The UK provided more than 122,000 coronavirus tests on the last day of April, passing the government's target, Health Secretary Matt Hancock said.
Mr Hancock said the target of 100,000 tests per day was an "audacious goal", but testing was necessary "for getting Britain back on her feet".
The figure includes home test kits counted when they were dispatched, which may not yet have been taken.
Mr Hancock set the goal on 2 April, when the UK was on 10,000 tests a day.
Some 27,510 people have now died in UK hospitals, care homes and the wider community after testing positive for coronavirus.
Why did the UK need 100,000 tests a day?
Of the 122,347 tests provided in the 24 hours up to Friday morning, the number of people tested was fewer - at just over 70,000 - as has been the case since the testing programme began. This is because some people need to be tested more than once to get a reliable result.
The total testing figure includes 27,497 kits which were delivered to people's homes and also 12,872 tests that were sent out to centres such as hospitals and NHS sites.
However, these may not have been actually used or sent back to a lab.

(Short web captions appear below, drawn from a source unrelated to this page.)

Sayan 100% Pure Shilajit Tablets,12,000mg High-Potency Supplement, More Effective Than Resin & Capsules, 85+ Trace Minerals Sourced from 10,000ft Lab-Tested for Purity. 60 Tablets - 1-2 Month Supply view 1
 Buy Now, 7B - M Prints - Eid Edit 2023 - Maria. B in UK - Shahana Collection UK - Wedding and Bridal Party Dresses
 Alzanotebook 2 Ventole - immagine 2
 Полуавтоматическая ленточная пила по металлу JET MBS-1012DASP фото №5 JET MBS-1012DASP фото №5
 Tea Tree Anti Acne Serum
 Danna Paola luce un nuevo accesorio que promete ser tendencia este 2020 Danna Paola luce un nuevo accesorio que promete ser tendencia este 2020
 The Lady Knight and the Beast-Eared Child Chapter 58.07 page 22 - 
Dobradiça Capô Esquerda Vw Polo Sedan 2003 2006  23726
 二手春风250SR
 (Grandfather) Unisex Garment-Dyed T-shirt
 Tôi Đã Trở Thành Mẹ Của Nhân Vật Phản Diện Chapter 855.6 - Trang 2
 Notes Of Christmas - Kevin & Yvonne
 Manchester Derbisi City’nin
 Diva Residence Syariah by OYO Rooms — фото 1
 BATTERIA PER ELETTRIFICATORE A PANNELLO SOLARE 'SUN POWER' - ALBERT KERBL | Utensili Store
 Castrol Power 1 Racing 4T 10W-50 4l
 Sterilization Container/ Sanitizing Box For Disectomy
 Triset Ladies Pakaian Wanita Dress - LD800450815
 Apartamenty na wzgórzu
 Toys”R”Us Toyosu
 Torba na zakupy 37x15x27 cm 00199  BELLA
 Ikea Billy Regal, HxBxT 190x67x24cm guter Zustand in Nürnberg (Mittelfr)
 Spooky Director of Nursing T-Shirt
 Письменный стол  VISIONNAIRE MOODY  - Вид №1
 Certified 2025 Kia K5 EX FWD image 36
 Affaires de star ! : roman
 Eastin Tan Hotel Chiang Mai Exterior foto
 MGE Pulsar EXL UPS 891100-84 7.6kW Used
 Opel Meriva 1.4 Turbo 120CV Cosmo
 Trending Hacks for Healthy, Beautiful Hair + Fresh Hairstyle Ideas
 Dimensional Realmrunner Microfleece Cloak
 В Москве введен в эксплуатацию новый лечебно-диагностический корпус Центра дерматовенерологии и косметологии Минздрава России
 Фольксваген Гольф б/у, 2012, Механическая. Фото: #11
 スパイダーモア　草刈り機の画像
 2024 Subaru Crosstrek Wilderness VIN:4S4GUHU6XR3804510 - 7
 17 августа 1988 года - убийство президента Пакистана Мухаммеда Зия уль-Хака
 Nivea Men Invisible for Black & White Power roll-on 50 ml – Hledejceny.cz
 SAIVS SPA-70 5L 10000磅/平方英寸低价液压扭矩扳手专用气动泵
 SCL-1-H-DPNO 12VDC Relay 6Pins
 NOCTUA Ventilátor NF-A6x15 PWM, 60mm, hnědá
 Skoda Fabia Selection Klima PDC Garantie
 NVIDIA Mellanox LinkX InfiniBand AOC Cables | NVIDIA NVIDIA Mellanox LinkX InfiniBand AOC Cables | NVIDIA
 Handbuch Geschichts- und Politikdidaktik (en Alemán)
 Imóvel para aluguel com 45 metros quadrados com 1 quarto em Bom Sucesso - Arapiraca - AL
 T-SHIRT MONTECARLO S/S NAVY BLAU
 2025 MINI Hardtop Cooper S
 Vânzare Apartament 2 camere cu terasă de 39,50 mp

Labour's shadow health secretary Jonathan Ashworth suggested the government had been misleading. "This isn't a time for quibbling but actually 39,000 of these tests have simply been posted out so it's not quite that the government have hit their commitment," he told the BBC News channel.
"I don't think posting out the tests is the same as carrying out tests but nonetheless it is welcome that testing has increased."
Prior to 28 April, there was no reference to how tests were counted, but on 28 April guidance on the government website said home tests and satellite tests were being included.
At the daily Downing Street briefing, Prof John Newton - a scientist advising the government on testing - said there had been "no change to the way tests are counted".